Page 5 of Perfect Sin

After a long and very awkward pause, I give him a jerky nod. Tomorrow the charade begins.

The Charade

Raven

I cradlemy phone to my chest after Sin says goodbye the way I’d like to be holding on to him. “Distract me,” I beg my brother.

He looks up from his phone, but his blank stare shows me he’s only physically here. “I don’t know if I can,” he mumbles.

“Do you want me to try and call Ford?”

He nods. I take my phone and dial, but there’s a busy signal. Still better than the unanswered ringing we’d gotten earlier. A few minutes later, Ford’s name flashes on my screen and I eagerly take the call.

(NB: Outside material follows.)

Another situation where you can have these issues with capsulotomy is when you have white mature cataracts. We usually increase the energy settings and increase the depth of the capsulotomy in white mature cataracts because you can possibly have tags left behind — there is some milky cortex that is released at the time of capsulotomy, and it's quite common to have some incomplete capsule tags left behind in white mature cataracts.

“I just spoke to Sin. Are you all right?” he demands instead of greeting me.

I exhale. “I’m hanging in. I think, oddly, I’ve got it better than Sin. He doesn’t know the Whitmores and he’s all alone there. At least I’ve got Lucien to watch my back.”

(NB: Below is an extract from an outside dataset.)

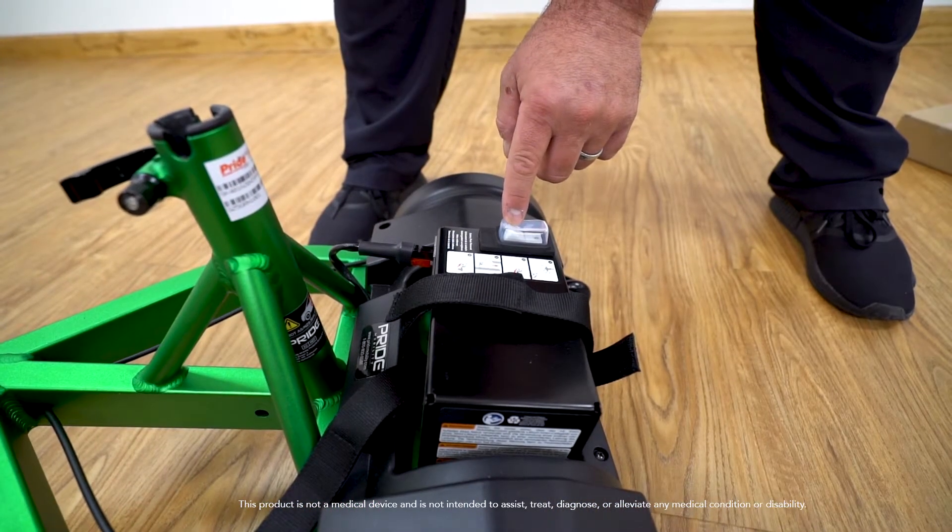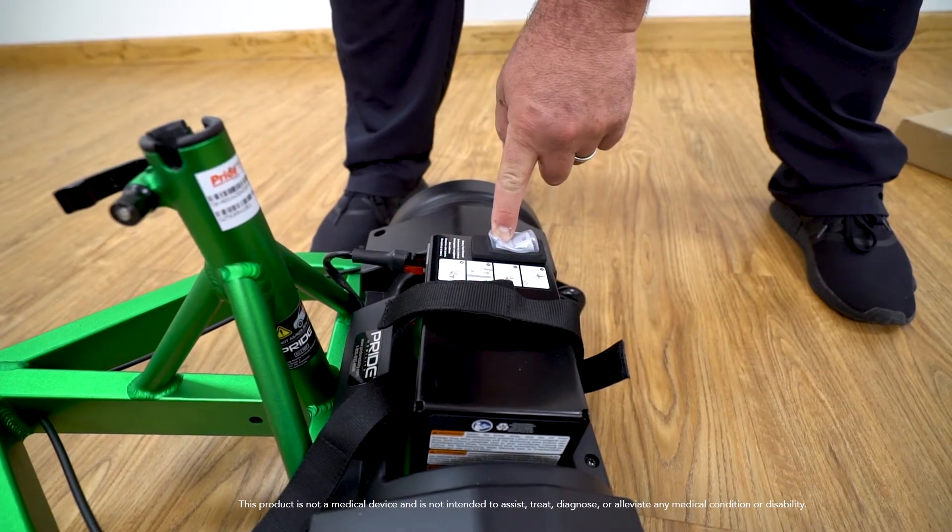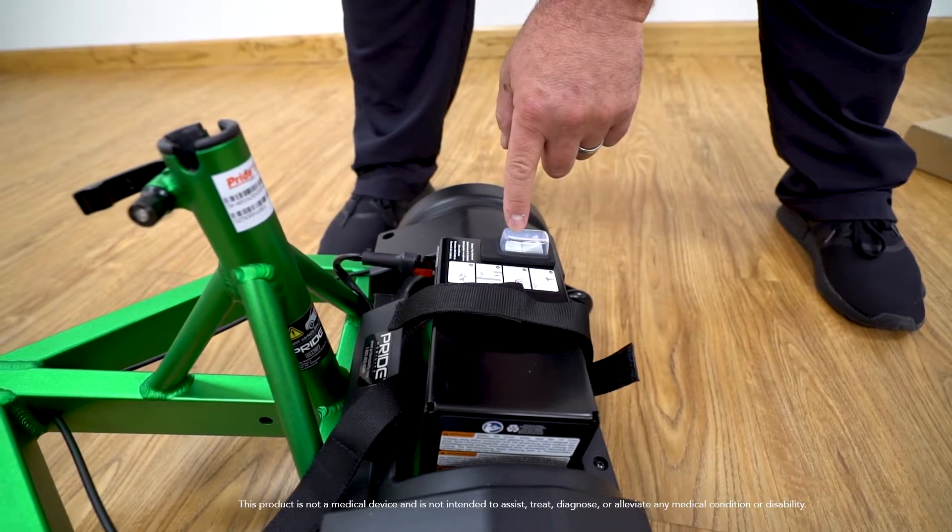To power up the unit, there is an on-off switch on the lithium-ion battery. The switch is also the circuit breaker for this unit.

“I’ve left a message for Holbrook. Hopefully we’ll have a plan soon to get the three of you back.”

There’s a lump in my throat. “Why did you have to call Holbrook? Surely Teddy has more contacts in Illinois to help get us out.”

He’s quiet, and that lump drops to the pit of my stomach. “Ted was shot.”

My hand flies up to cover my mouth. I can see from the dour expression on my brother’s face he already knows. He must have heard the news before I was taken from Ford’s mangled truck and he raced to get to me.

“He’s had surgery. Luckily the bullet missed all his vital organs. They stopped the internal bleeding, but he’s developed an infection. He’s on IV antibiotics, so we’ll know better tomorrow how he’s going to do long-term.”

I’m nodding along with what he’s saying, then stop, realizing he can’t see me. “Okay,” I say out loud instead. “What about Amber and Jen?”

“Amber has already gone home. She’s got a very mild concussion that won’t even last as long as the nasty bump and bruises on her head. Jen was unconscious for about twelve hours. There was swelling on her brain that looks like it is starting to go down. We won’t know yet if she’s sustained any lasting brain damage. She hasn’t spoken yet, but the doctor said since she’s already awake there’s no reason we can’t expect a full recovery.”

Lucien is watching me, and I realize I haven’t shared the information with him. He’s desperately trying to intuit from my words what Ford is telling me. I put my hand on the mouthpiece. “Teddy had surgery to remove the bullet, he’s recovering.” I go through all the details and watch as he visibly relaxes.

“What are we going to do?” I ask him.

He puts his finger over his lips and motions with his head toward the door. I say goodbye to Ford and promise to call him later, then follow him out the door. I’m shocked when no one tries to stop us. Together we stroll through the grounds and into the woods to the ramshackle old farmhouse he and Sin used to find peace. Lucien takes a device from his pocket and scans the entire house for something.

“There’s no way this place wasn’t searched. Now that at least the two of us are back, there has to be–“ he pulls a small listening device from behind a mirror. “Bugs, and not the good kind.”

“There are no good kind of bugs,” I protest.

“C’mon, lightning bugs, lady bugs, butterflies, roly polies?”

“Okay, fine, but roly polies aren’t bugs, they’re crustaceans,” I say as I watch him stick the small electronic devices into a foil bag of chips.

“Crustaceans, you say?” He continues the nonsense conversation while he locates a few more bugs. Only then does he turn on another device he retrieves from his pocket.

He holds it up and shows it to me before setting it on a small table off on the side of the room. “That is a jamming device. It should kill any signal within thirty feet of us. Which means our phones won’t work until I turn it off.”

Luce dusts off a chair and sits down. “We have nowhere to run. If we leave, he’ll go after Sin. The only way escaping works is if we know he’s out and secure before we even try. For now the best thing we can do is wait for Sin to ingratiate himself with his parents enough to start joining them at functions. I’m not sure why Damien wants to use him to link himself to the governor, but for now we roll with it. Once we are all back together we need to be ready to run.”

“So, we just sit around here waiting for Sin?” I don’t like waiting on others, not even the man I impulsively married yesterday.

Lucien smirks. “I bet you’re as willing to rely on others as I am.”

“If by that you mean not at all, then you’d be correct.”

“Good, because we are going to try and find all the evidence we can as long as we’re here. If that doesn’t work, then I need to get close enough to him to put a bullet in his head. If we get caught snooping he will kill us. He doesn’t give a shit if we’re his kids or not.”